Adan Coronado, AZAL, Baku, Azerbaijan


Adan Coronado grew up in Hawaiian Gardens, California, south of Los Angeles and not far from Huntington Beach. These days, though, Coronado lives in Baku, the capital of Azerbaijan, on the Caspian Sea. Baku and the Caspian Sea are not known for sun and surf. In fact, Baku roughly translates to "wind-pounded city".


"I was like: 'Oh, where's Azerbaijan?'" Coronado recalls when he learned AZAL, a team in Azerbaijan's Premier League, was interested in signing him. "I went on Google and said: 'Where's this place at?!' I saw it was under Turkey: 'Oh, it's a little further out from home. It's way over the pond.'"


AZAL is the latest stop on something of a tour of professional soccer's lesser known leagues for Coronado. Blooded into the game by his Mexican-born father, Coronado (now 26) was an accomplished high school player but shunned the traditional college pathway in favor of, effectively, a talent show.


Handing over $300, he entered a combine – a kind of America's Got Soccer Talent – in Los Angeles. Players that made a cut were not invited to Hollywood but offered an expenses-paid trip to Germany as part of an 18-man squad to play matches against local teams. The hope was to be be spotted by a European agent or a scout, or, well, anybody .


"I always had a curiosity to play overseas if I had the chance," Coronado says. "When the combine came up I thought, 'OK, this is the way I can get there'. I took the chance and left everything – college, family. I was 21 years old. As a soccer player, if you want to be a professional, that was late. But I thought, I'm not going to lose anything, so why not?"


In Germany, the midfielder was subsequently invited to trial with several clubs and offered a contract with Kickers Emden in Germany's third tier. "It was a traditional club, well organized, and with a fanbase," Coronado says. However, it was also a club with serious financial problems and dropped into Germany's (effectively, amateur) fifth tier.


"I was a little surprised," admits Coronado.

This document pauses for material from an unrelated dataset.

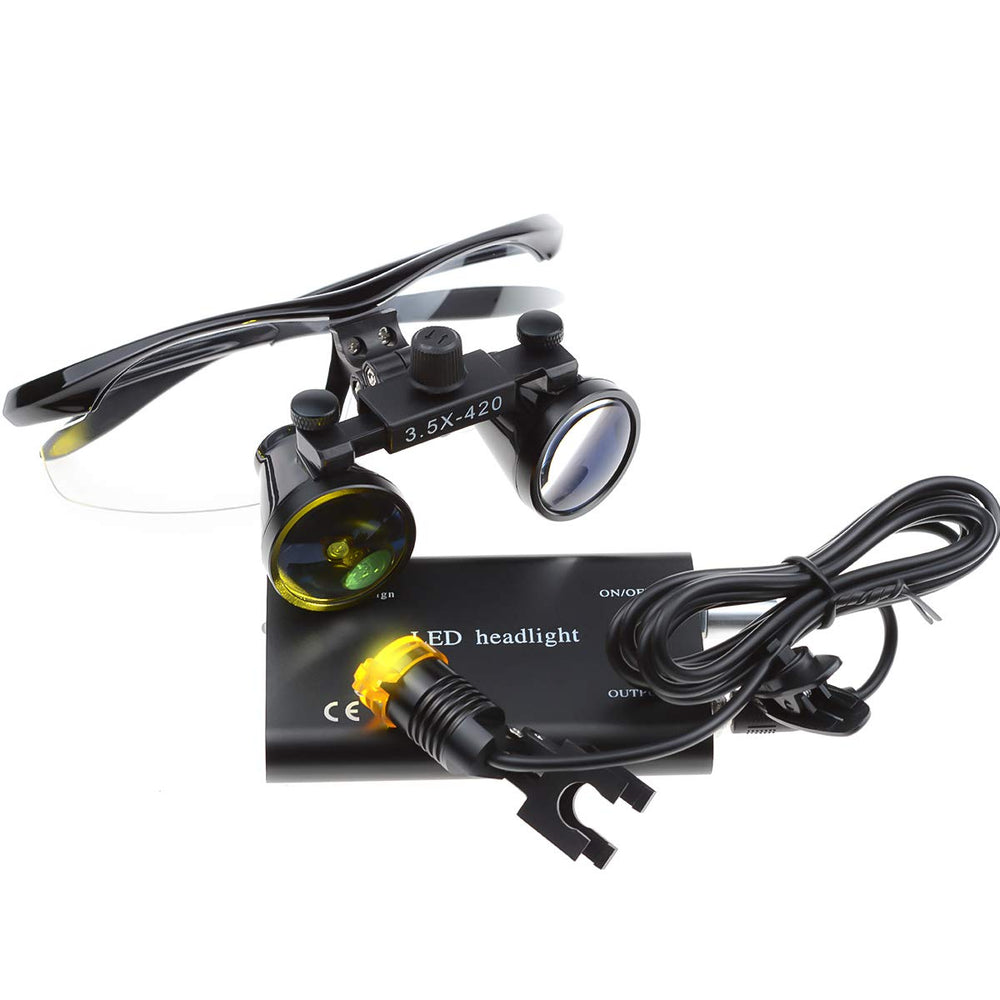 XUX loupe at working distance for comfortable extended use.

But not perturbed. Friends of friends of friends put him in contact with clubs in Montenegro and Bosnia-Herzegovina, where he played for two seasons. The professional dream was still alive. Then came the call from Baku.


"I didn't know this guy, so at first it was kind of sketchy," Coronado says of the sometimes shadowy world of agents and contracts. "They introduce themselves, but you don't know who they are, so it is risky. You don't know who you are talking to, sometimes."

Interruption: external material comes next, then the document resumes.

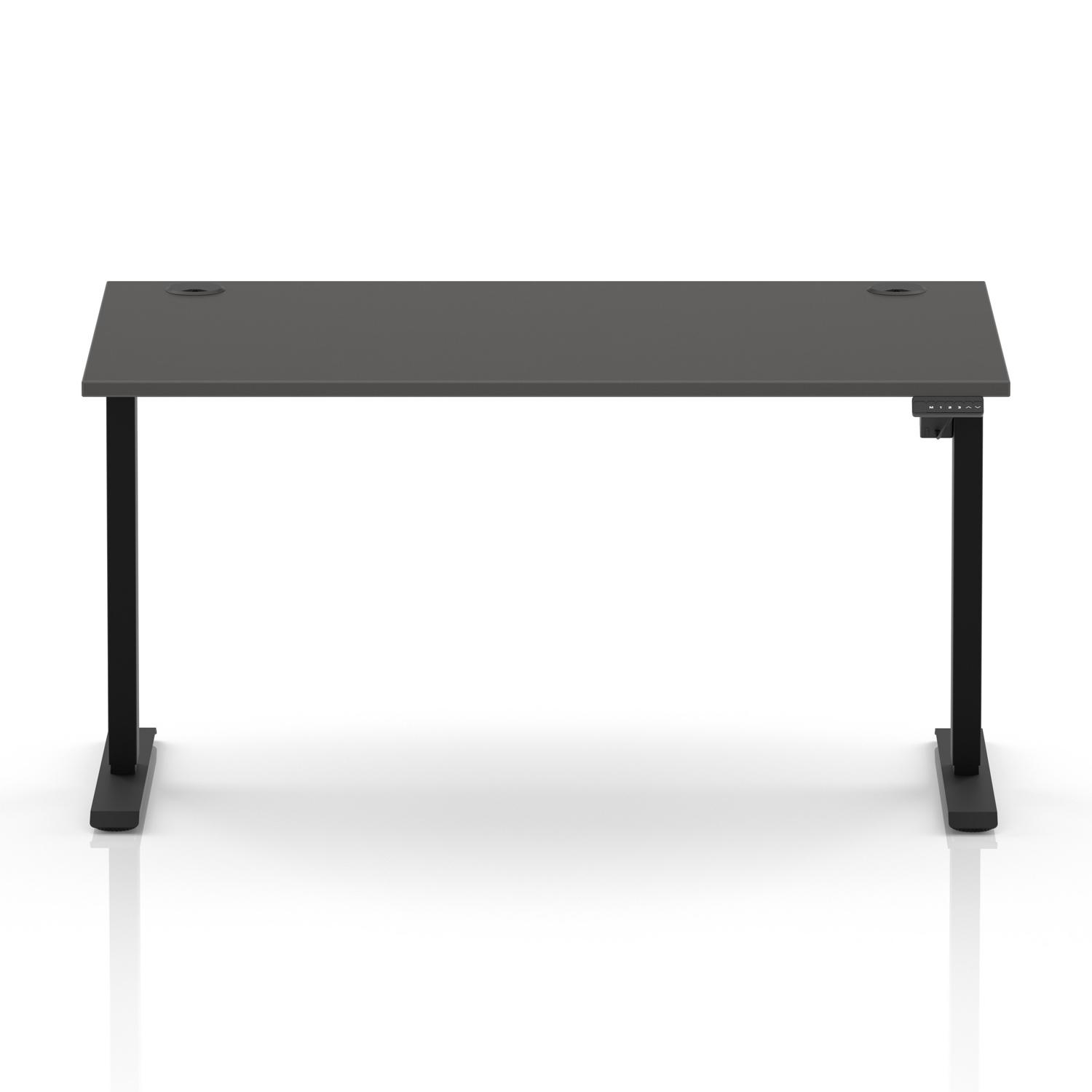 Air Lite 1400 x 800mm Height Adjustable Office Desk Carbon Grey Top Cable Ports Black Leg Air Lite 1400 x 800mm Height Adjustable Office Desk Carbon Grey Top Cable Ports Black Leg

Today, almost a year later, Coronado is proudly the only Mexican-American playing in Azerbaijan's eight-team Premier League. "I was the first one!" he laughs. When he arrived in Baku the club produced a mini-documentary on him. "They were like, what's going on?! They filmed me and wanted to know about my culture. Mexican-American is different here."


Coronado's non-Azerbaijan team-mates are Georgian, Chinese, and Iranian. "Not that many people speak English here – it's Turkish and Russian," he says.


As a kid, Coronado's favorite player was Manchester United's Eric Cantona. He'd watch games from Europe on TV at home in California. His father would talk about the games and how soccer in Europe was different to America. "I wanted to see that and experience that," Coronado says.


But reality is a little different to the glamor of TV images – and not just geographically. "At first I had to just get by with the little salary they provide," Coronado explains. "They help you out with housing and the little I earned I'd spend on food, and the rest I'd save for a trip back home. That's how it starts off in the lower leagues. Everyone who is here in Azerbaijan wants to go to England, Spain, France, or Germany. They are looking to get out."


Away from his family – "They haven't visited yet, they're always working, you know how it is" – and his girlfriend, Coronado spends his downtime running a newly-launched fashion label with a teammate. With an eye on his post-soccer career, the label – called Left1 – pitches designer T-shirts as the kind of clothes pro soccer players wear.


"I will come back home eventually, but I want to explore the world and learn about different cultures," Coronado says. "Maybe I should be comfortable and have a stable life, but I want to learn and take away things from the world. Every time I go back home they say: 'Are you going to stay this time?' I say: 'No, maybe next time'."


Shaquell Moore, Atletico Levante, Valencia, Spain


For Shaquell Moore, the worst part was not getting paid. For five months. And not just the American teenager. The entire team did not get paid for almost half a season. Welcome to life in Europe as a professional player.


"The Spanish guys had family here and had someone to lean on, but I had to stand by myself," Moore recalls of his first season in Spain. "But to be honest, I don't think I've ever been in a better locker room. Everyone stayed positive and helped each other. It was bad but it was good. It helped me a lot. I know I'm able to tough it out even when I wanted to drop everything and go back home."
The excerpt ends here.